• [Goal of the exercise]: Write out the lines of the material below exactly, beginning at the line with "Food Truck l'Ardoise du Tatoue outside" and stopping after the line with "Women's Classic Flap", and leave out the pictures.

##### Records supplied #####

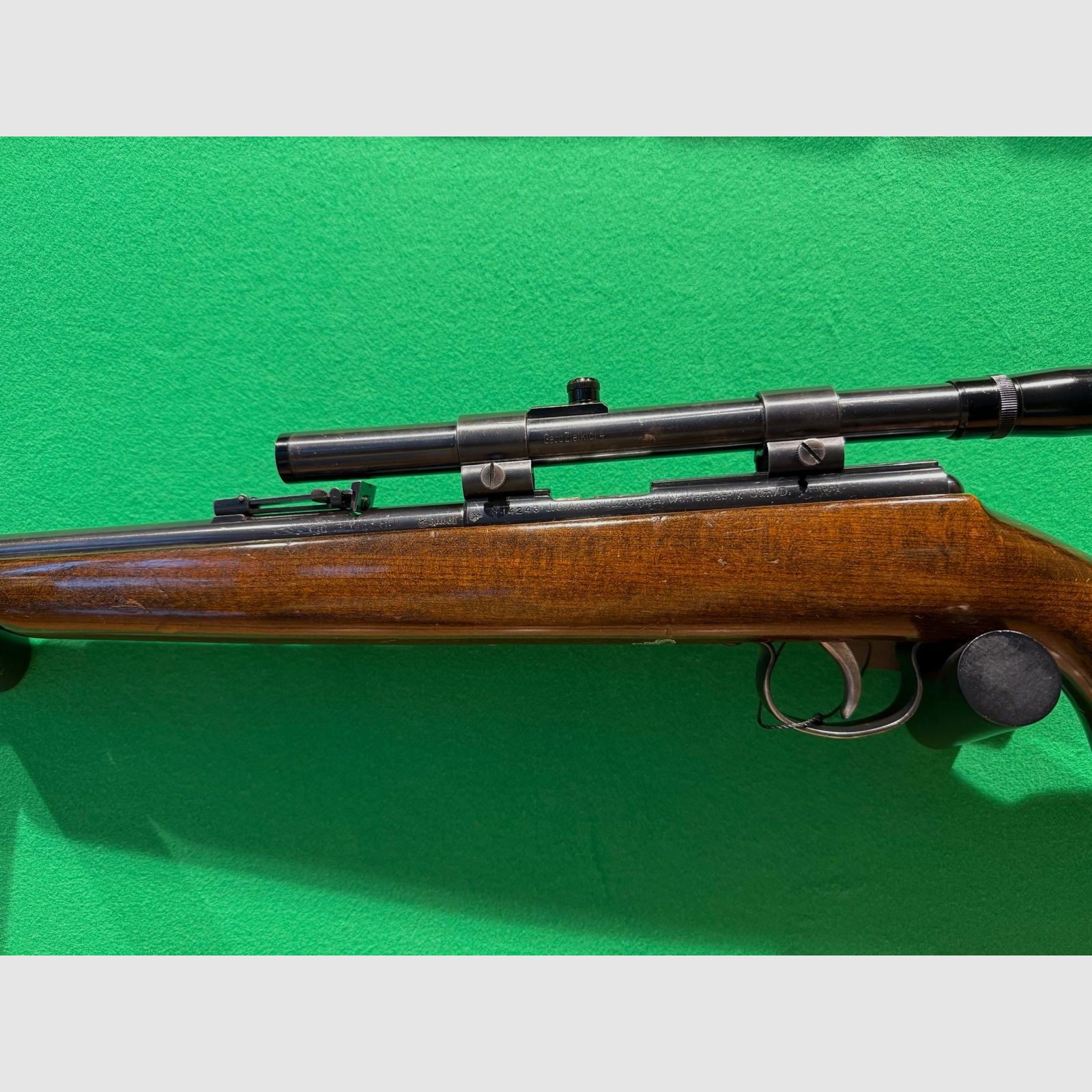 Rifle de repetición de calibre .22lr Anschütz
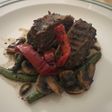 Entraña con pimientos rojos caramelizados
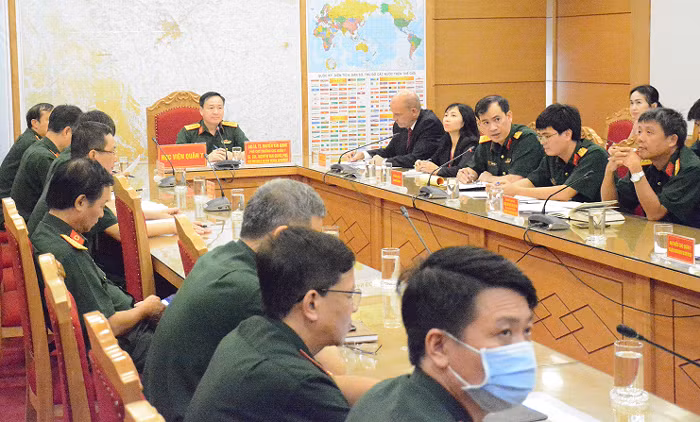 COVID-19 : La médecine militaire du Vietnam et de l'Afrique du Sud élargit leur coopération ảnh 1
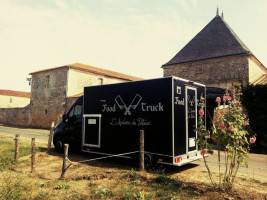 Food Truck l'Ardoise du Tatoue outside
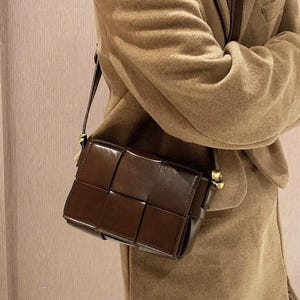 Handgemachte gewebte Leder Crossbody Bag, Elegante Klassische Tasche, Geschenk für Sie, Handgemachte Ledertasche, Geschenk für Sie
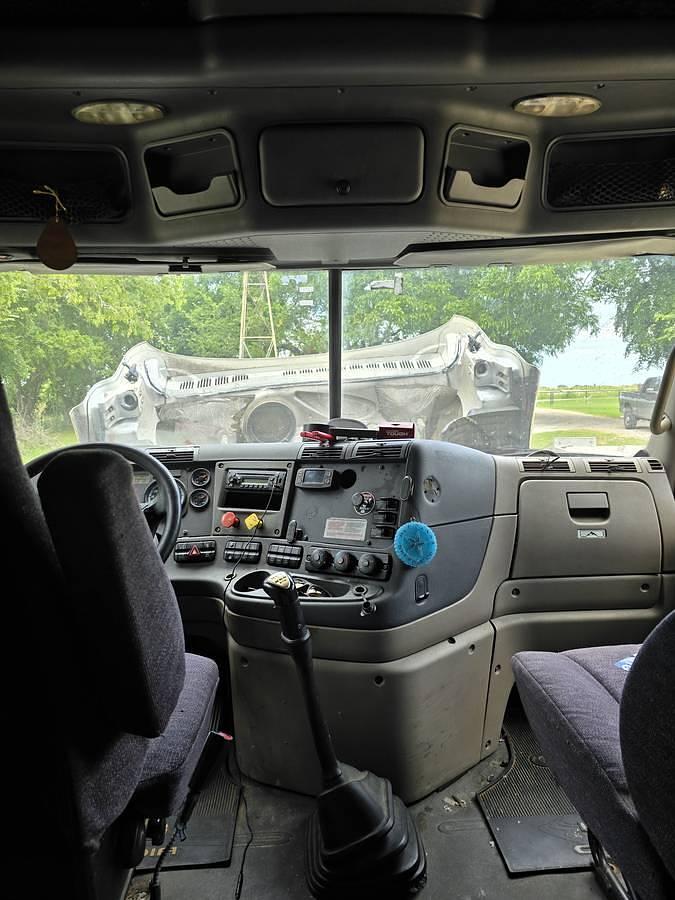 Used 2015 Freightliner Cascadia Conventional Sleeper Semi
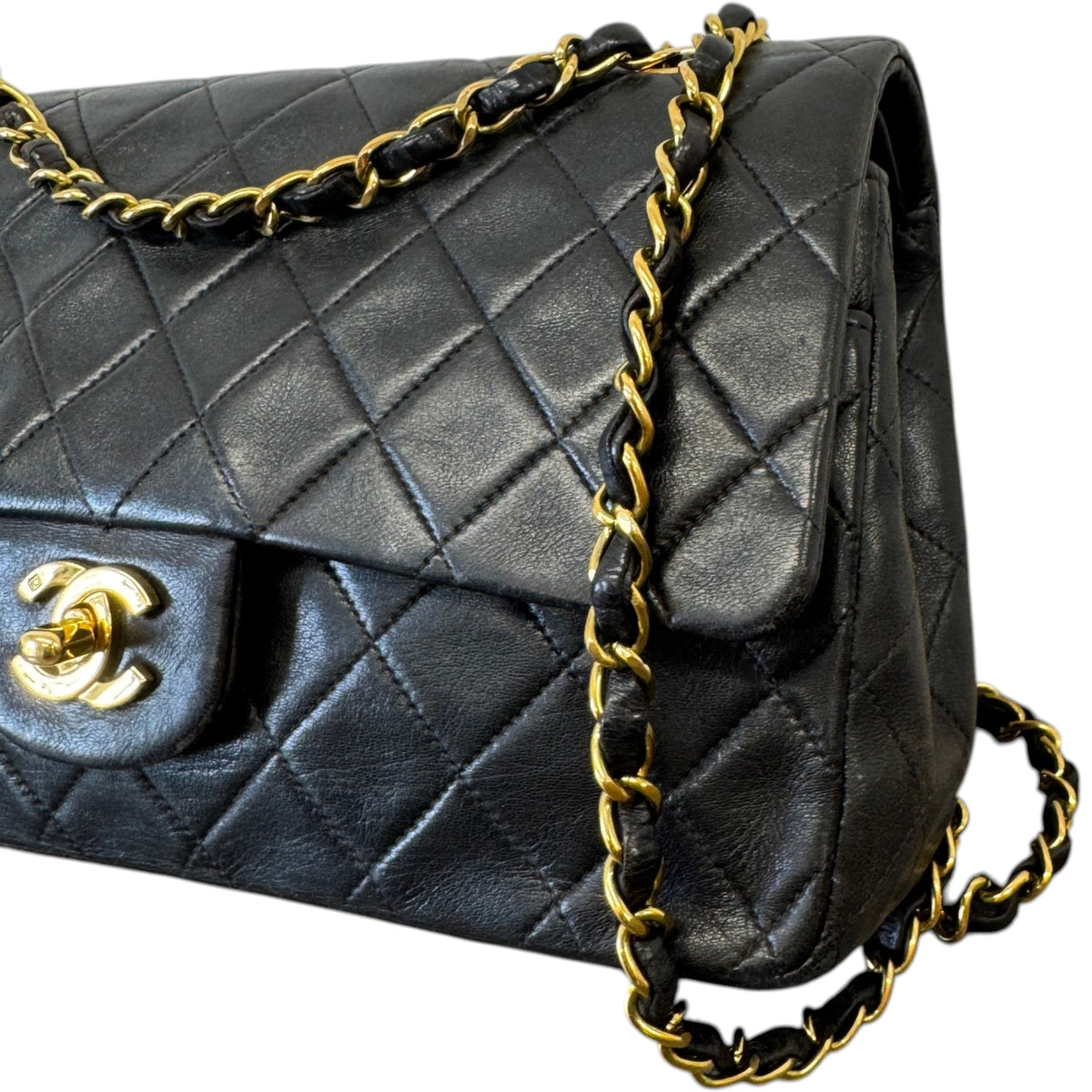 Women's Classic Flap Medium Handbag Black - Photo 5
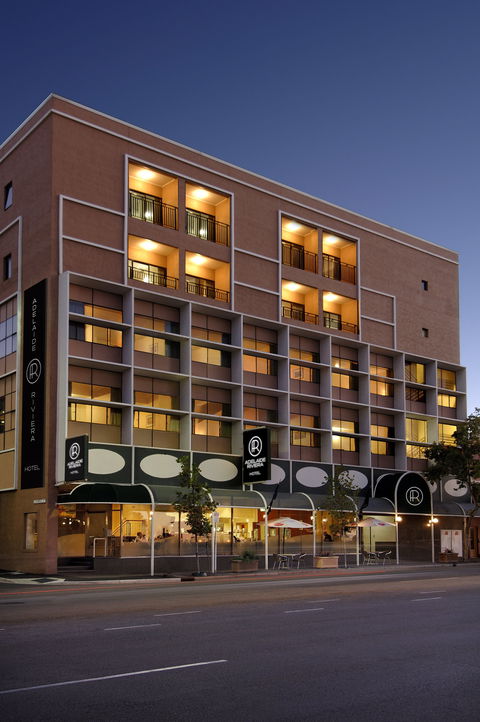 Adelaide Riviera Hotel - Whitsundays Accommodation 0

#####

• [Output below]:
 Food Truck l'Ardoise du Tatoue outside
 Handgemachte gewebte Leder Crossbody Bag, Elegante Klassische Tasche, Geschenk für Sie, Handgemachte Ledertasche, Geschenk für Sie
 Used 2015 Freightliner Cascadia Conventional Sleeper Semi
 Women's Classic Flap Medium Handbag Black - Photo 5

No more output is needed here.